Dictatorships on friendly terms: Belarus, North Korea ‘have common goals’


Smiles, handshakes and only optimistic future cooperation. Belarus willingly pals around with dictatorial countries: the North Korean FM is visiting Belarus. There are hopes for prosperity of the domestic economy, but such cooperation may also bring threats.

English subtitles:

This could be the beginning of a great friendship. During their  meeting Foreign Ministers Uladzimir Makey and Ri Su-yong noted the high potential of the relations between Belarus and North Korea, discussed local  and international issues. The North Korean Minister invited his Belarusian counterpart to Pyongyang.

Ri Su-yong, North Korean FM:

“It is a great satisfaction to mention that we have similar and identical positions in all of the issues raised.”

The diplomats expressed interest in developing trade and economic relations.

Uladzimir Makey, Belarusian FM:

“Our countries have common goals, i.e. to develop a stable and independent economy, improve people’s living standards.”

Well-being in North Korean style is hard manual labour, agriculture with natural fertilisers and without GMO that leads to malnutrition of its citizens, including children. It is also 10-year military service, military parades and marches of ‘grateful’ citizens.

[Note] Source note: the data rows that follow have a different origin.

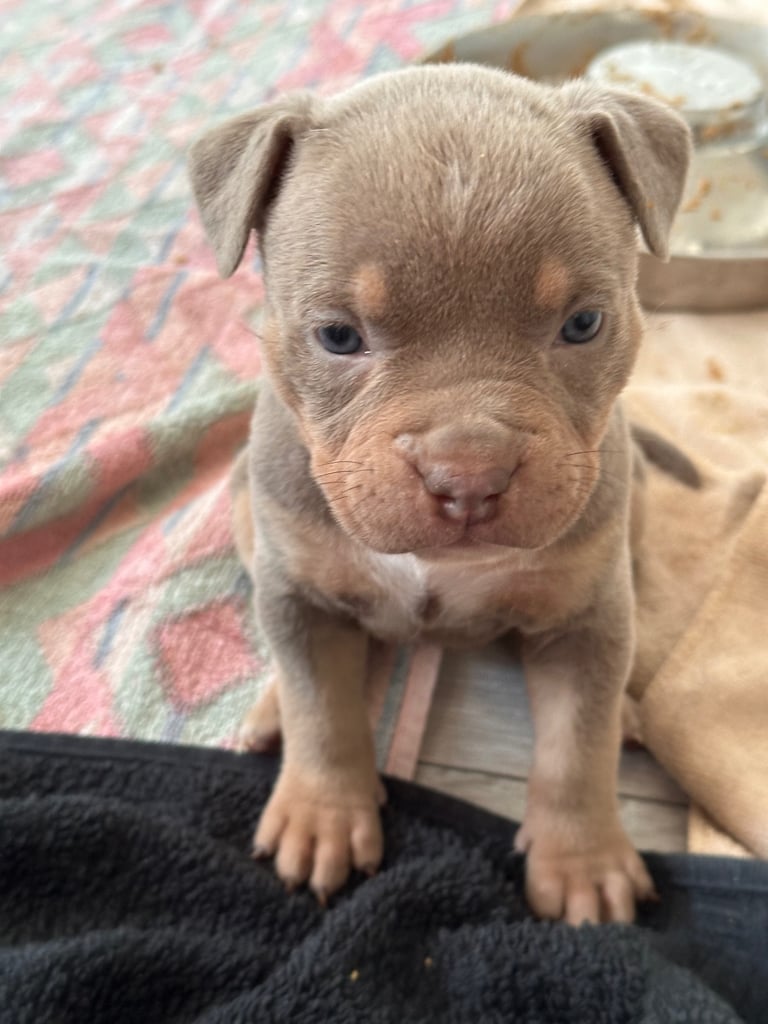Ready in 3weeks!!!!! Pocket bully puppies ❤️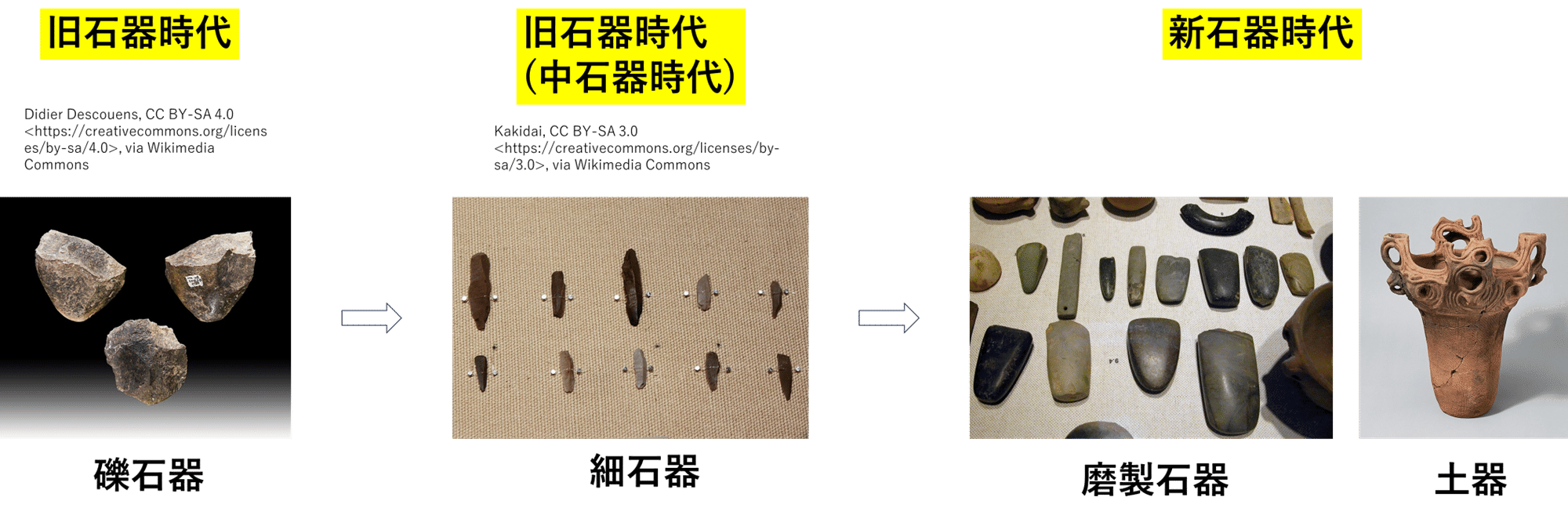 第7回 日本人の起源｜歴史の万華鏡
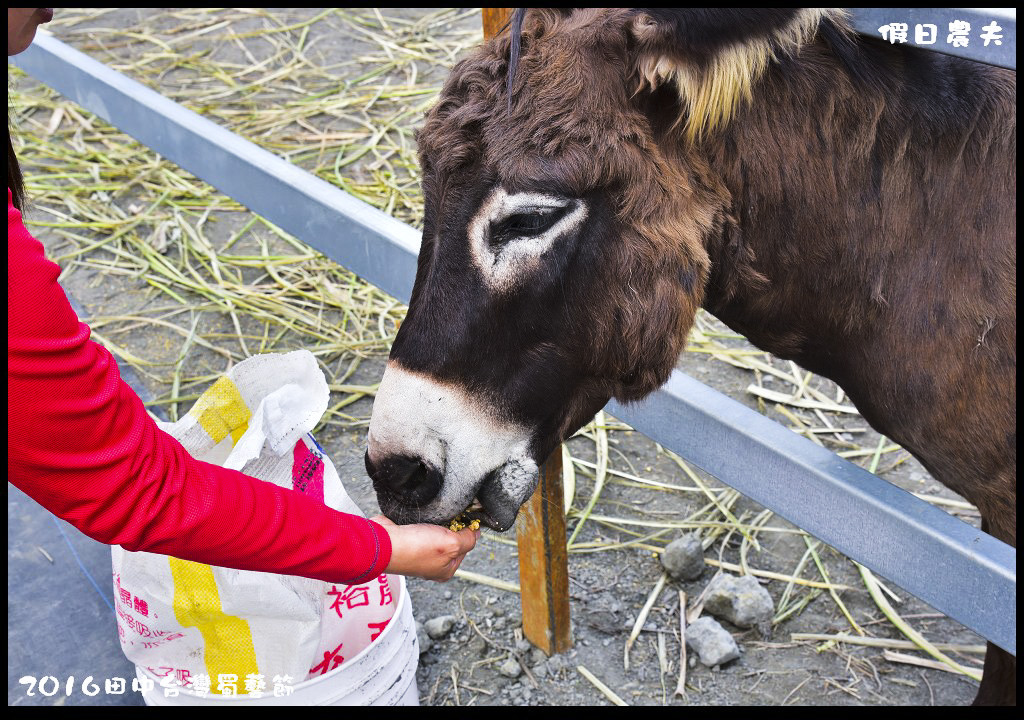 2016田中台灣蜀藝節DSC_9546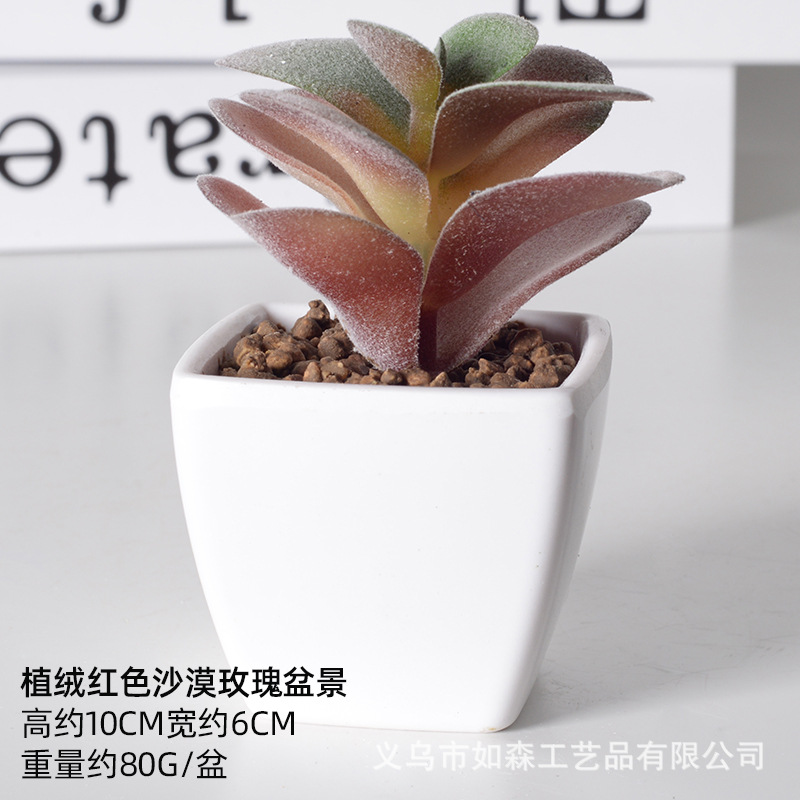 Simulación de plástico carnoso bonsai flor falsa combinación oficina interior escritorio plantas verdes pequeños adornos plantas artificiales al por mayor image 51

The most industrious and loyal employees are even allowed to go abroad – to China, Russia and Belarus where they work for pennies that go into the country’s budget then. Politically unreliable people are sent to labour camps where prisoners work until they die.

Siarhei Vazniak, once visited North Korea:

“If the anti-democratic Belarus is covered with some democratic decorations, and we can say that we have an authoritarian regime that shows itself in a milder or a more cruel way, North Korea is a dictatorial regime in its ultimate form.”

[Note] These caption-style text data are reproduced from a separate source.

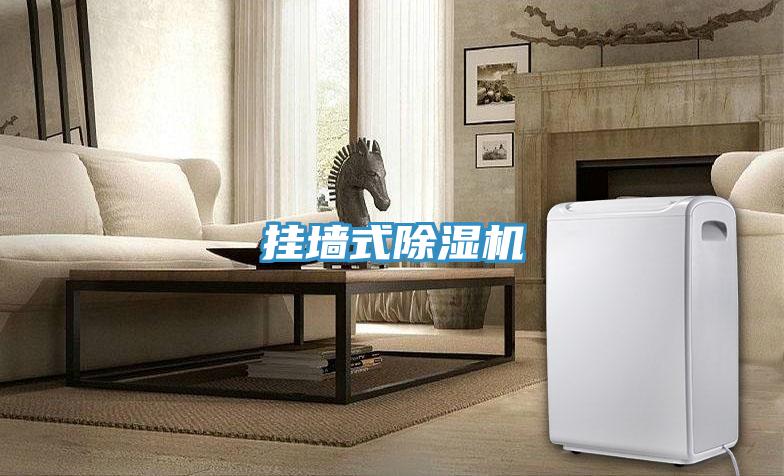 挂墙式蕾丝视频污污污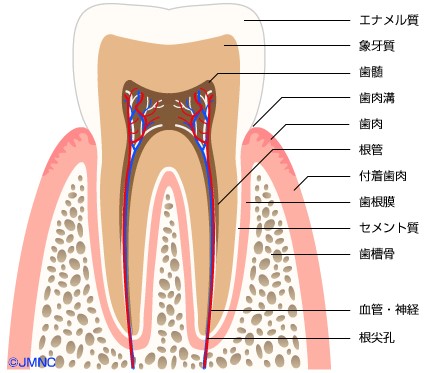 三好歯科 自由が丘 歯の内部の構造の模式図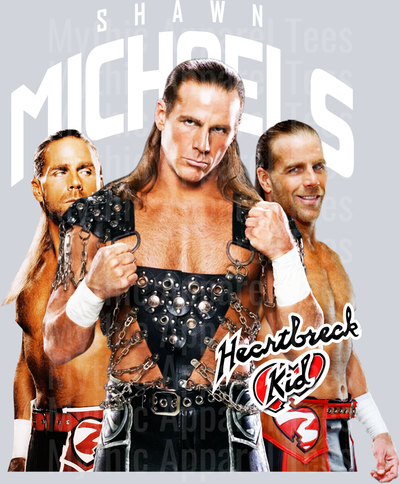 HBK WWE Superstars DTF WWE Transfers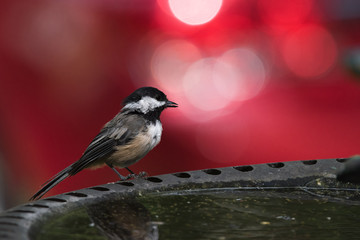 Chickadee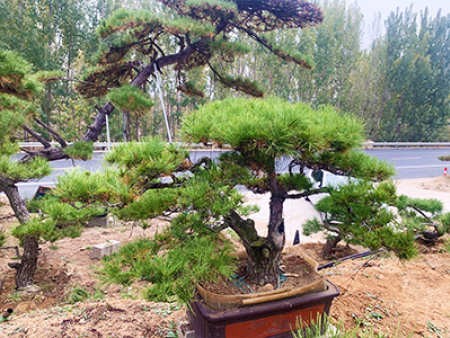 造型黑松盆景基地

And all this is done to have enough money for a favorite hobby of the Brilliant Comrade. 33-year-old Kim Jong-un cannot imagine his life without large-scale exercises with simulated attacks on neighbours and programs on inventing a ballistic nuclear bomb. Be Juche  means to be in the circle of enemies.

Ri Su-yong, North Korean FM:

“North Korea cannot but augment its nuclear deterrence capability as it has to cope with the nuclear threat from the U.S. Now the DPRK has the power to deter the United States, and if necessary – for a preventive strike.”

North Korea probably wants to buy  Belarusian tractors, MAZ trucks, communications, laser equipment, chips and optics – and technology to organise domestic production of the goods above, which are necessary for both peaceful living and for war.

Aliaksandr Alesin, military expert:

Korea needs dual-use technology and for industry, transportation, agriculture – and for defence. Of course, they would like to buy weapons, but Belarus will not dare“.

Siarhei Vazniak:

“If our country happens to have a finger in it, it will face big foreign policy problems.”

There is another dark story – Korea sells nuclear technology to the same rogue states developing the so-called ‘peaceful atom’. If Pyongyang and Minsk start cooperation like this, Belarus could forget about good relations with the West.